May I propose an easy way: Why not creating random sequences, using only four char values (ie "abcd") This will easily give you a very good idea about the KMP performance. For a more elaborate aproach, you can always use the tests of Musser & Nishanov: http://www.cs.rpi.edu/~musser/gp/gensearch/index.html
Phil Endecott wrote:
However, in my opinion the most interesting and useful property of the KMP algorithm is not its performance, but its ability to help in building very generic sequence searching algorithms. In fact KMP has helped me to build an efficient generic sequence searching algorithm, which actually works with ranges accessed by single-pass (input) iterators. (See http://www.codeproject.com/KB/stl/single_pass_search.aspx and also in boost-vault/Algorithms) Needless to say that I would be more than happy to submit this work to boost, whenever there is an interest.

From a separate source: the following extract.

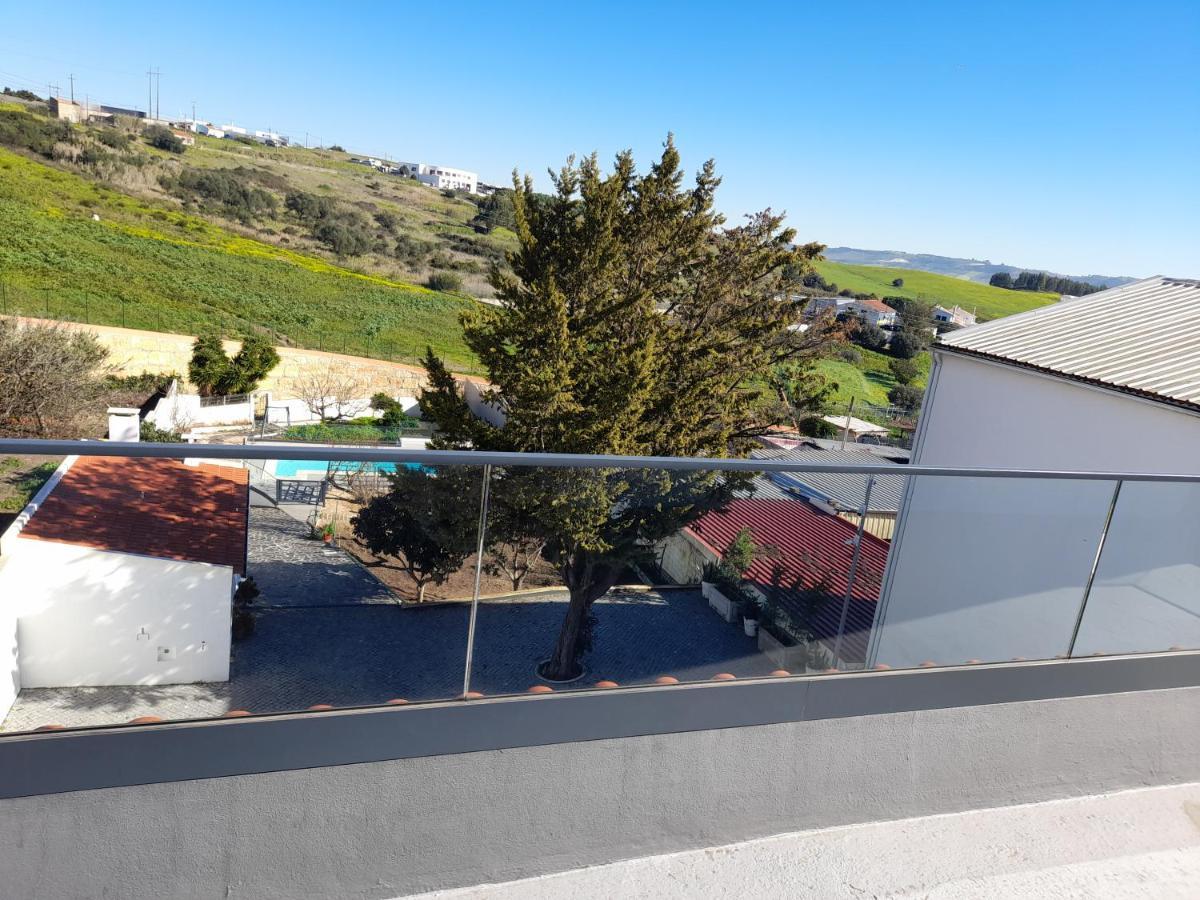 Hall 92 Quartos Com Wc Em Moradia Com Piscina A-Das-Lebres Loures Exterior photo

I am reminded that Spirit has some sort of adaptor that allows an input iterator to be used with a grammar that requires backtracking by storing recent inputs in a buffer. Presumably something like this could be used here. How much does your algorithm gain over a combination of such a buffer and one of Marshall's algorithms?
Very good idea! I will try to compare my algorithm against this adaptor. A very interesting benchmark for me thank you Phil. Best regards Jim Xochellis Homepage: https://sites.google.com/site/xochellis/